Exercise brief: Print the listing below exactly. Leave nothing out.

Data to use:

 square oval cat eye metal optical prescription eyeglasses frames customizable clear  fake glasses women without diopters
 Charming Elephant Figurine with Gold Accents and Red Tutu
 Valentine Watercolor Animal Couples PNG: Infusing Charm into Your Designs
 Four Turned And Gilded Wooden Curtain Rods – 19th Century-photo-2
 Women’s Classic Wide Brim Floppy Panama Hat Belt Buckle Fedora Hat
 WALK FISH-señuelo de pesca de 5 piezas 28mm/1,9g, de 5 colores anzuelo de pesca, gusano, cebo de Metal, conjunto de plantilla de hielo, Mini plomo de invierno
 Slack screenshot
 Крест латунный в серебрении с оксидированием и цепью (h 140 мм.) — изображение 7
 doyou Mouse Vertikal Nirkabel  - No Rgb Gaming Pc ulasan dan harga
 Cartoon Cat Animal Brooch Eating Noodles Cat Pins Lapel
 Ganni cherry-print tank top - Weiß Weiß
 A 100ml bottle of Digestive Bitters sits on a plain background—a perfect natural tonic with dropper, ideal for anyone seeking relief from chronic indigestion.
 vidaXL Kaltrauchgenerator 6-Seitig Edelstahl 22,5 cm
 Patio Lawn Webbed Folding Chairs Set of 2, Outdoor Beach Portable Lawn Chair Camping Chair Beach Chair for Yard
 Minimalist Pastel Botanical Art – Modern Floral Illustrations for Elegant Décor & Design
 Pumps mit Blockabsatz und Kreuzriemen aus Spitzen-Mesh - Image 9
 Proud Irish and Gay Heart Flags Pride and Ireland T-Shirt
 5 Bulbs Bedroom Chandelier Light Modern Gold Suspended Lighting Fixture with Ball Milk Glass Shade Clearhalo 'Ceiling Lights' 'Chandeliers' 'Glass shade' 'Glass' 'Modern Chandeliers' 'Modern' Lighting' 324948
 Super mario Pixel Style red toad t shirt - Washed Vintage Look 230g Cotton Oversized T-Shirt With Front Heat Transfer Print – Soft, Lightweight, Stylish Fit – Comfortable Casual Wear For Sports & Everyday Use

Output of the exercise:
 square oval cat eye metal optical prescription eyeglasses frames customizable clear  fake glasses women without diopters
 Charming Elephant Figurine with Gold Accents and Red Tutu
 Valentine Watercolor Animal Couples PNG: Infusing Charm into Your Designs
 Four Turned And Gilded Wooden Curtain Rods – 19th Century-photo-2
 Women’s Classic Wide Brim Floppy Panama Hat Belt Buckle Fedora Hat
 WALK FISH-señuelo de pesca de 5 piezas 28mm/1,9g, de 5 colores anzuelo de pesca, gusano, cebo de Metal, conjunto de plantilla de hielo, Mini plomo de invierno
 Slack screenshot
 Крест латунный в серебрении с оксидированием и цепью (h 140 мм.) — изображение 7
 doyou Mouse Vertikal Nirkabel  - No Rgb Gaming Pc ulasan dan harga
 Cartoon Cat Animal Brooch Eating Noodles Cat Pins Lapel
 Ganni cherry-print tank top - Weiß Weiß
 A 100ml bottle of Digestive Bitters sits on a plain background—a perfect natural tonic with dropper, ideal for anyone seeking relief from chronic indigestion.
 vidaXL Kaltrauchgenerator 6-Seitig Edelstahl 22,5 cm
 Patio Lawn Webbed Folding Chairs Set of 2, Outdoor Beach Portable Lawn Chair Camping Chair Beach Chair for Yard
 Minimalist Pastel Botanical Art – Modern Floral Illustrations for Elegant Décor & Design
 Pumps mit Blockabsatz und Kreuzriemen aus Spitzen-Mesh - Image 9
 Proud Irish and Gay Heart Flags Pride and Ireland T-Shirt
 5 Bulbs Bedroom Chandelier Light Modern Gold Suspended Lighting Fixture with Ball Milk Glass Shade Clearhalo 'Ceiling Lights' 'Chandeliers' 'Glass shade' 'Glass' 'Modern Chandeliers' 'Modern' Lighting' 324948
 Super mario Pixel Style red toad t shirt - Washed Vintage Look 230g Cotton Oversized T-Shirt With Front Heat Transfer Print – Soft, Lightweight, Stylish Fit – Comfortable Casual Wear For Sports & Everyday Use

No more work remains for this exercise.